3. Return-to-work examination: after occupational illness or injury; ensures fitness before re-exposure.

Notification of Occupational Diseases: Under Schedule III of the Factories Act 1948, 29 specific occupational diseases are notifiable — including silicosis, asbestosis, byssinosis, lead poisoning, mercury poisoning, and several others. The certifying surgeon (factory medical officer) must notify the chief inspector of factories within a defined period. Notification feeds the national occupational disease surveillance system and triggers investigation of the source workplace.

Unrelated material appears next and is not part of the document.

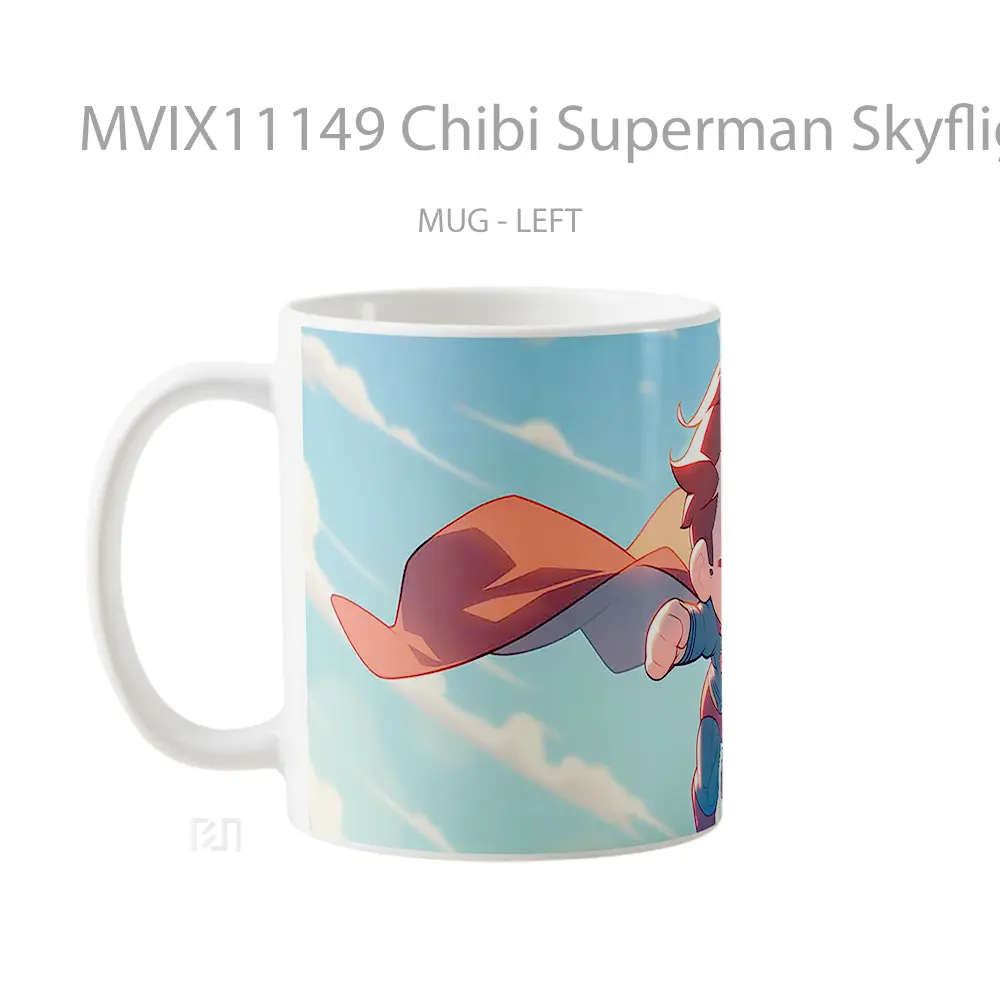 Mug Chibi Superman Skyflight Koleksi Mug Film dan Komik - All-side / Desain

Programme evaluation indicators for an occupational health programme include: incidence rate of occupational injuries/diseases (primary outcome), absenteeism rate, compliance with TLV/OEL (process measure), coverage of pre-employment examinations, and employee satisfaction with health services.

SELF-CHECK

Which of the following is the MOST effective level in the hierarchy of controls for preventing silicosis in a stone-crushing unit?

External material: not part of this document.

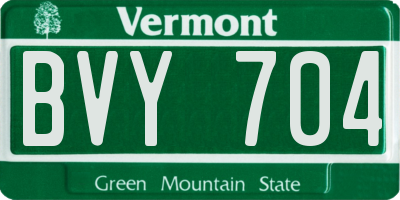 VT license plate BVY704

A. Providing N95 respirators to all workers

B. Rotating workers between dusty and non-dusty tasks

C. Wet grinding process with enclosed crushing units and local exhaust ventilation

D. Conducting annual chest X-rays for all workers

Reveal Answer

Answer: C. Wet grinding process with enclosed crushing units and local exhaust ventilation

Engineering controls — wet grinding to suppress dust generation, enclosure of the process, and local exhaust ventilation — sit at the third (and most practical) tier of the control hierarchy, above administrative controls (job rotation) and PPE (respirators). Annual chest X-ray is medical surveillance, not a preventive control. N95 respirators are last-resort PPE. Wet drilling combined with enclosure/LEV is the highest-impact feasible intervention for stone-crushing silica control.